Les dernières communications de Tesla viennent d’ailleurs valider le positionnement de Stellantis. En pleine crise de croissance du marché du véhicules électrique, le cours de la société d’Elon Musk dévisse de 35% depuis le début de l’année. La seule éclaircie sur le cours, malgré une publication décevante, fut l’annonce d’une diversification de sa gamme, via des modèles plus abordables afin de toucher de résister efficacement à la pression de concurrents chinois en pleine expansion.

De nombreux défis à venir

L’arrivée massive de la concurrence commence déjà à faire pression sur le segment des berlines électriques. Pour l’heure, les marges et les parts de marché du groupe ne sont pas affectées en raison d’une gamme orientée véhicules hybrides et citadines électriques. Il faudra cependant s’attendre à l’implantation en Europe du géant BYD sur les marchés des SUV hybrides et de Dongfeng ou Zhejiang Leapmotor Technology sur les citadines électriques.

La concurrence chinoise passe à la vitesse supérieure sur les marchés américains et européens

 

A l’instar de Tesla sur le segment du haut de gamme électrique, Stellantis risque de subir le contrecoup de sa forte dépendance à l’hybride avec la baisse des marges attendues dans les prochaines années sur ce segment.

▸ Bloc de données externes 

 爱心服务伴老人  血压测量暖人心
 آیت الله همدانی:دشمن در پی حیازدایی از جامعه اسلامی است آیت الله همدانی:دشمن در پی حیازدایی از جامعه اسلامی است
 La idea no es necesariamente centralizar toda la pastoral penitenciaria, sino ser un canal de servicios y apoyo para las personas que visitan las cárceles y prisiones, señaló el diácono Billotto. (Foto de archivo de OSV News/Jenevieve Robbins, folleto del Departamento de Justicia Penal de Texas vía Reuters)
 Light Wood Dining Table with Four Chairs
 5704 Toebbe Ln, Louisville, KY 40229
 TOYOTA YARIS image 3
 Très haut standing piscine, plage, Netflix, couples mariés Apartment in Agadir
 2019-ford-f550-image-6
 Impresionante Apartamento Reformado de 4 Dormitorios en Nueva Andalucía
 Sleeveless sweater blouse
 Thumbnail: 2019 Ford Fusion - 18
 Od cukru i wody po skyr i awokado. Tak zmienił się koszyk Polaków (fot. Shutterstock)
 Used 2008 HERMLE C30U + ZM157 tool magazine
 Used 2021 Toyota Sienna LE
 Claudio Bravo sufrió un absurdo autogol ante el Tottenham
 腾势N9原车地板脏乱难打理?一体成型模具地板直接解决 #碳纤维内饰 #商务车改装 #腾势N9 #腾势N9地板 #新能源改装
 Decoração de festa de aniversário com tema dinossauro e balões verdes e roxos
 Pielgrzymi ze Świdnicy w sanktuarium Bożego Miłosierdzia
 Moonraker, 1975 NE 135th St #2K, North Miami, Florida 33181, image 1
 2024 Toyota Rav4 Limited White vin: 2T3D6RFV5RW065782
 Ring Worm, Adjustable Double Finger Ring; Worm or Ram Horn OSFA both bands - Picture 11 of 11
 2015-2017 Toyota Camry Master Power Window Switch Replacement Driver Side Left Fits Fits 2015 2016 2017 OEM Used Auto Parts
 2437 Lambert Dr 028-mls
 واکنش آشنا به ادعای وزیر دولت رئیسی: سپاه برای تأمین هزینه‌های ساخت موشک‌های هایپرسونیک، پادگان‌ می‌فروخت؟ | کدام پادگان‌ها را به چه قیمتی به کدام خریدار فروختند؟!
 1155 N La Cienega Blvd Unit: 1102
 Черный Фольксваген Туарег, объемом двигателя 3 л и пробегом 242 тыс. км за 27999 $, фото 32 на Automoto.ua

De plus, bien que la généralisation des technologies hybrides sur les véhicules du groupe profite à plein du ralentissement des ventes de véhicules électriques, le groupe ne devra pas se reposer sur ses lauriers. La poursuite d’une stratégie ambitieuse vers le véhicule électrique sera nécessaire afin de ne pas se retrouver de nouveau dans une situation de retard technologique.

Signe d’un secteur sous pression, l’action chute de 15% en 1 mois, malgré des indicateurs positifs pour le T1 2024. Les marchés semblent attendre la publication détaillée du T1, le 30 avril 2024, particulièrement concernant l’évolution des marges. Les investisseurs devront également être attentifs aux impacts de probables mesures protectionnistes en Europe et en Amérique de Nord face à l’arrivée de concurrents chinois.

Outre la forte performance du titre depuis 3 ans, son rendement de plus de 6% rend la valeur difficilement contournable au sein d’un portefeuille diversifié. Son exposition Europe/Amérique, son profil industrie/technologie permettra une diversification efficace et une alternative moins risquée à Tesla, dont le PER ressort à 72 en 2024 soit 17x celui de Stellantis.